A groundbreaking initiative in Peru that focuses on bringing financial services to those who need it most has been launched after years of development. All over the country, Peruvians, who for centuries have been transacting in cash, can now access digital financial services right in the palm of their hands. The service, called “Bim”, enables any Peruvian with a mobile phone to open a bank account and make payments. This can be done without ever having to visit a bank.

To many of us, sending money to friends and family and paying your bills may not seem like a big deal.
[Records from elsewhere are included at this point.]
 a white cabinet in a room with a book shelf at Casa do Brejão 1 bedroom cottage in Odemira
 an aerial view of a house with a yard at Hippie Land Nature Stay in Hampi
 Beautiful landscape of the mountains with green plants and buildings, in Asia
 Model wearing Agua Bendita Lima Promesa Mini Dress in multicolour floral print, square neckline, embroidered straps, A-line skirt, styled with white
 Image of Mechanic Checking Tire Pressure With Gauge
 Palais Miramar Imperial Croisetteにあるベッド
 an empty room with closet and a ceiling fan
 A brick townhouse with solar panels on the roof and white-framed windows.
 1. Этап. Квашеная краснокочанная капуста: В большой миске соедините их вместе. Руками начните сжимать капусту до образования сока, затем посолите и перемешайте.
But for the poor, the amount of time, energy, and money spent completing transactions is significant and, for people with limited funds, it is beyond acceptable.
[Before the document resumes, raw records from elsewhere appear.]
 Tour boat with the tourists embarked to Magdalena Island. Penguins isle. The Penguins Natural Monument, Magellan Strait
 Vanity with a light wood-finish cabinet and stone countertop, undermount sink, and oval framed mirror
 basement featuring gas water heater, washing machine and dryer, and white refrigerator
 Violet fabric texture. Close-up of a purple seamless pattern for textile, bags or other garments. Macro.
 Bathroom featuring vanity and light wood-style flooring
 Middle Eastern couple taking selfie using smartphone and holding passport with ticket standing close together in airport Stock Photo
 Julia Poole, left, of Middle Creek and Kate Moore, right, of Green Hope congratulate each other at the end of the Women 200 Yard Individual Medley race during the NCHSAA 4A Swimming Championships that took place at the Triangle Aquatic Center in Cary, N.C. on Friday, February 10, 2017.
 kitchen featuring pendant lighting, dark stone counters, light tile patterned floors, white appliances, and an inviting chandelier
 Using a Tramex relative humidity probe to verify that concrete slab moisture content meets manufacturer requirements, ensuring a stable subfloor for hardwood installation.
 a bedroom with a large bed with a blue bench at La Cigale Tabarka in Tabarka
Peru is a country where, despite all the best efforts of banks and the like, formal financial services have only reached 30 percent of the population. Thanks to Bim, the expectation is that in five years, five million people will use the service, significantly increasing access.

While the technology from Ericsson behind these services is as powerful as it is impressive, the real story is about how a diverse set of financial services organizations, normally fierce competitors, were able to work together to offer a service that will attract new users to formal financial services. In what seems unlikely, altogether 32 financial institutions in Peru cooperated and shared resources to build a payments platform designed to bring more people into the formal financial services system.

Instead of competing, the entities in Peru saw the value of cooperation, forming deep partnerships through the Peruvian bankers association ASBANC. Instead of spending resources building their own systems, they jointly invested and built just one together with Ericsson. Instead of fighting over customer ownership, they shared access to agents, branches and ATMs. Instead of competitive marketing campaigns and mixed messages, they worked together under a new brand to attract their individual target customer segments to the new common payment product.

Taking the best lessons from other implementations around the world, the Peruvians worked together to build a solution for mobile financial services designed to combat the major challenges of delivering financial services to the poor: reach scale, ensure liquidity, and design a product able to attract people away from cash. This was no small task. Many details needed to be worked over and over again. After much effort, the result is Bim- the world’s first interoperable mobile digital financial services system focused on financial inclusion. Working across three of the country’s major mobile telecommunication networks, financial inclusion is finally in the grasp of everyday Peruvians.

What took place in Peru shows that collaboration is a hugely useful and important tool in building payments systems that reach scale and works to substantially improve the ability to bring millions into the world of digital payments.